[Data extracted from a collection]

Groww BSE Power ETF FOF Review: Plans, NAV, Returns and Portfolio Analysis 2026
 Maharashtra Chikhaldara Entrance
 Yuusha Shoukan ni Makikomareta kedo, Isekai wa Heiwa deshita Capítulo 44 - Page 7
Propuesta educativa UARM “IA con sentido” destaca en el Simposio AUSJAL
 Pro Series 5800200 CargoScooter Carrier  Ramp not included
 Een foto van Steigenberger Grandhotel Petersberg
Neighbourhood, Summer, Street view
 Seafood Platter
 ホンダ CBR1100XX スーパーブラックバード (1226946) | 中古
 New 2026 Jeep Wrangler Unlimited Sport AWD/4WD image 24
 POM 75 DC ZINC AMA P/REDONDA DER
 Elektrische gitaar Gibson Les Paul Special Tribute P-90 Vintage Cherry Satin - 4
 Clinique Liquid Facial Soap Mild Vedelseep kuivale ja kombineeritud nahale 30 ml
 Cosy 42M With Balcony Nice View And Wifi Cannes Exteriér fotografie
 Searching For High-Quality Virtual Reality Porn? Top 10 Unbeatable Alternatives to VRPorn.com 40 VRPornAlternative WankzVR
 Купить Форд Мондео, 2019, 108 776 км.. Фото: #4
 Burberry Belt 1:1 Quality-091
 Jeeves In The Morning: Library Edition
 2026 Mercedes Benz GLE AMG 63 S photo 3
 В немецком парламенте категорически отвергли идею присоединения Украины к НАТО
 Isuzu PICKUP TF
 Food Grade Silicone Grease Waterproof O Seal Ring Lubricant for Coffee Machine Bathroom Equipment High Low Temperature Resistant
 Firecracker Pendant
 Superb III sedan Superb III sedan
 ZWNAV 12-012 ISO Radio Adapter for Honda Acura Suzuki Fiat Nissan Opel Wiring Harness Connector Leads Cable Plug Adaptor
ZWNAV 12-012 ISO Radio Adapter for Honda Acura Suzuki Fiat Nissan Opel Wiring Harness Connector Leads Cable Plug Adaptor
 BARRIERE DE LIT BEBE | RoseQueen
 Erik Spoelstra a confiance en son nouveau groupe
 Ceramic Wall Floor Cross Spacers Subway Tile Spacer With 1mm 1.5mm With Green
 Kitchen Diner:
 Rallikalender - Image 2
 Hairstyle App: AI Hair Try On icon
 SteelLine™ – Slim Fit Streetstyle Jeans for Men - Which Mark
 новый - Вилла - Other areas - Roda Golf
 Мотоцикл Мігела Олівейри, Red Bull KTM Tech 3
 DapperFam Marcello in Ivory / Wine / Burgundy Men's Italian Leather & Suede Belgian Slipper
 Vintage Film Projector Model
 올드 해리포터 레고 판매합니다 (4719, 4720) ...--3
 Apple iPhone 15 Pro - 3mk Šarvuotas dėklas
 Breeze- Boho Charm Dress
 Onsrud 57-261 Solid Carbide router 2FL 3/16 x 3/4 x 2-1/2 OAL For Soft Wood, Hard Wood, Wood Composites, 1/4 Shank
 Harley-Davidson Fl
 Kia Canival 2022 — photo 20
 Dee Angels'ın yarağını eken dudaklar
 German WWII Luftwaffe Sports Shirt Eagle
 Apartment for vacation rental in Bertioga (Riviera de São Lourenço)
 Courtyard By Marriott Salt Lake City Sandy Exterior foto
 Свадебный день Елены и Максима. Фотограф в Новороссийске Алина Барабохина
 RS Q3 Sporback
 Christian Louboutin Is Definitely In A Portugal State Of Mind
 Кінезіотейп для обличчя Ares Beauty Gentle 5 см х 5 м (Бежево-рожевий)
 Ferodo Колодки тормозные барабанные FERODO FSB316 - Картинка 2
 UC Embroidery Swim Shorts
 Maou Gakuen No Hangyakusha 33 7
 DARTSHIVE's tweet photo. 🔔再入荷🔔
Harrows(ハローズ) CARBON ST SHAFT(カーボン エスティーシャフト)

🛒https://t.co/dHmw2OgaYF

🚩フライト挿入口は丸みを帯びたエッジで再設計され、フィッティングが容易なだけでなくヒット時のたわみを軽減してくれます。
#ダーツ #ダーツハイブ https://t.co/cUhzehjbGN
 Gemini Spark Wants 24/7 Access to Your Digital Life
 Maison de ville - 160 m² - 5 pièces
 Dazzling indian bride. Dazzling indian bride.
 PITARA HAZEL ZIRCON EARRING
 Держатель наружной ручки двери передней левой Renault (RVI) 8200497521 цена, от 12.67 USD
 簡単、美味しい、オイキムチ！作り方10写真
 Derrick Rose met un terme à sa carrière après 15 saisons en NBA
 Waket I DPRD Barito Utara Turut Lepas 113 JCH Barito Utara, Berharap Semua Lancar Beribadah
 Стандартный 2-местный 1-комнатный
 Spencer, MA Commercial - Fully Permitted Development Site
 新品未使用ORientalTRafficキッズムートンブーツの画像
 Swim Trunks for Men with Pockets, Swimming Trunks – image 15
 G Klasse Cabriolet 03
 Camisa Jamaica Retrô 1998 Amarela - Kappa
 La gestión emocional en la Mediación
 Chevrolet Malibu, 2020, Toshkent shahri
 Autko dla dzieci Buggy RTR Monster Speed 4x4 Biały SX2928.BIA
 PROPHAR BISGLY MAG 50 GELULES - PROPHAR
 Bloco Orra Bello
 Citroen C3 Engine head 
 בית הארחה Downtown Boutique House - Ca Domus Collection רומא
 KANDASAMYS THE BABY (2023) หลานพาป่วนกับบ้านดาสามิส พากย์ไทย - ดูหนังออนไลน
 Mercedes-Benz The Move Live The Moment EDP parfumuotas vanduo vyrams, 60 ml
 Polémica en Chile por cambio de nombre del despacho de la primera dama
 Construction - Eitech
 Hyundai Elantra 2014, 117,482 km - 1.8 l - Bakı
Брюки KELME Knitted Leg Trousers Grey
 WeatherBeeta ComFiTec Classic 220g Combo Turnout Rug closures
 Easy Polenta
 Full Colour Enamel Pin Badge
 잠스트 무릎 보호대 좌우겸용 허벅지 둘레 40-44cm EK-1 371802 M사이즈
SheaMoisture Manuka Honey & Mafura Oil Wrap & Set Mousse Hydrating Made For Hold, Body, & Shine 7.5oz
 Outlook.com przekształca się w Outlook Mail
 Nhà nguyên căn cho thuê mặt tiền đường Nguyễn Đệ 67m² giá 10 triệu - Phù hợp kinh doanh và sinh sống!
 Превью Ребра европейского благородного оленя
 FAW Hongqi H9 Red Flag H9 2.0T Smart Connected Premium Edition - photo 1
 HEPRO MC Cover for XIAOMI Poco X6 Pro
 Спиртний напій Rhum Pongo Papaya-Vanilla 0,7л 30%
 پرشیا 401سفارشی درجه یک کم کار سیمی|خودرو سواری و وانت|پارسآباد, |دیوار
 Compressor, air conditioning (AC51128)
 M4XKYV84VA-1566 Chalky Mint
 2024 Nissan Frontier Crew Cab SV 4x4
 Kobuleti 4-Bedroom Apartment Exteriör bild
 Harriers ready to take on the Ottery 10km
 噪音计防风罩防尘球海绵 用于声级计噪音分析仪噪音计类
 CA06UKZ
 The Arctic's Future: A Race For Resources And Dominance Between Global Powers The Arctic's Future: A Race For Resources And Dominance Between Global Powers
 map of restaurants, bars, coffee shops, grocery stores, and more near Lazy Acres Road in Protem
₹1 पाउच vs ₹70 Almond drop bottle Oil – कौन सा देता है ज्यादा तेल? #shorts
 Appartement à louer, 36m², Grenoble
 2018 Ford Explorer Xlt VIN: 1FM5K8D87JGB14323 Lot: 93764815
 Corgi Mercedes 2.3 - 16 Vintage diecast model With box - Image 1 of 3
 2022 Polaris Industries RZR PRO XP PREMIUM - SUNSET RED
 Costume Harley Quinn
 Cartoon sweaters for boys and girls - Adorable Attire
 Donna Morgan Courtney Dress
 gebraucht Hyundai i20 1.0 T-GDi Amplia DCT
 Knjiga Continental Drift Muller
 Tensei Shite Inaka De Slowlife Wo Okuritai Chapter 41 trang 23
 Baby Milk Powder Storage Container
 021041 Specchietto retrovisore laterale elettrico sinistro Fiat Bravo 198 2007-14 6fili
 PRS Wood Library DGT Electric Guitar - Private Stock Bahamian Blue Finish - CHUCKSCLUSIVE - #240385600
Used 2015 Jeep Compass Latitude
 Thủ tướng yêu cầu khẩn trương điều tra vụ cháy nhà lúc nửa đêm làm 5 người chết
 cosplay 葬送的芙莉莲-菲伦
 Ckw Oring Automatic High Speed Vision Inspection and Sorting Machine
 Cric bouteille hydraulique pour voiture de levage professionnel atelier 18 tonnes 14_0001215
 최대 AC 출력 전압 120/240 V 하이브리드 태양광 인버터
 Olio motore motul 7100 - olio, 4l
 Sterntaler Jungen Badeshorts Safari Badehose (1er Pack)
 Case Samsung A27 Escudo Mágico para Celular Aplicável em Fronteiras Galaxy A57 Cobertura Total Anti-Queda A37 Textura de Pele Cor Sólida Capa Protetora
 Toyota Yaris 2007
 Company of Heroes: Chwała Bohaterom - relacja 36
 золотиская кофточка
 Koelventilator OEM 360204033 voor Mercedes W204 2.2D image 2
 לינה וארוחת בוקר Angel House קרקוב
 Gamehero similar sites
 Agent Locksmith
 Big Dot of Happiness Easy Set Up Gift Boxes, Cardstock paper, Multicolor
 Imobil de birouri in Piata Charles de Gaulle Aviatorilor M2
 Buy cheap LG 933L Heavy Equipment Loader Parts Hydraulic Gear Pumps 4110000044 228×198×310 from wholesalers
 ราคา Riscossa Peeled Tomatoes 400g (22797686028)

#### [What you are asked to do]
In exact wording, restate the lines of the data above from the first through the one holding "2026 Mercedes Benz GLE AMG 63 S photo 3", and stop after that line.

#### [Solution to this problem]
Groww BSE Power ETF FOF Review: Plans, NAV, Returns and Portfolio Analysis 2026
 Maharashtra Chikhaldara Entrance
 Yuusha Shoukan ni Makikomareta kedo, Isekai wa Heiwa deshita Capítulo 44 - Page 7
Propuesta educativa UARM “IA con sentido” destaca en el Simposio AUSJAL
 Pro Series 5800200 CargoScooter Carrier  Ramp not included
 Een foto van Steigenberger Grandhotel Petersberg
Neighbourhood, Summer, Street view
 Seafood Platter
 ホンダ CBR1100XX スーパーブラックバード (1226946) | 中古
 New 2026 Jeep Wrangler Unlimited Sport AWD/4WD image 24
 POM 75 DC ZINC AMA P/REDONDA DER
 Elektrische gitaar Gibson Les Paul Special Tribute P-90 Vintage Cherry Satin - 4
 Clinique Liquid Facial Soap Mild Vedelseep kuivale ja kombineeritud nahale 30 ml
 Cosy 42M With Balcony Nice View And Wifi Cannes Exteriér fotografie
 Searching For High-Quality Virtual Reality Porn? Top 10 Unbeatable Alternatives to VRPorn.com 40 VRPornAlternative WankzVR
 Купить Форд Мондео, 2019, 108 776 км.. Фото: #4
 Burberry Belt 1:1 Quality-091
 Jeeves In The Morning: Library Edition
 2026 Mercedes Benz GLE AMG 63 S photo 3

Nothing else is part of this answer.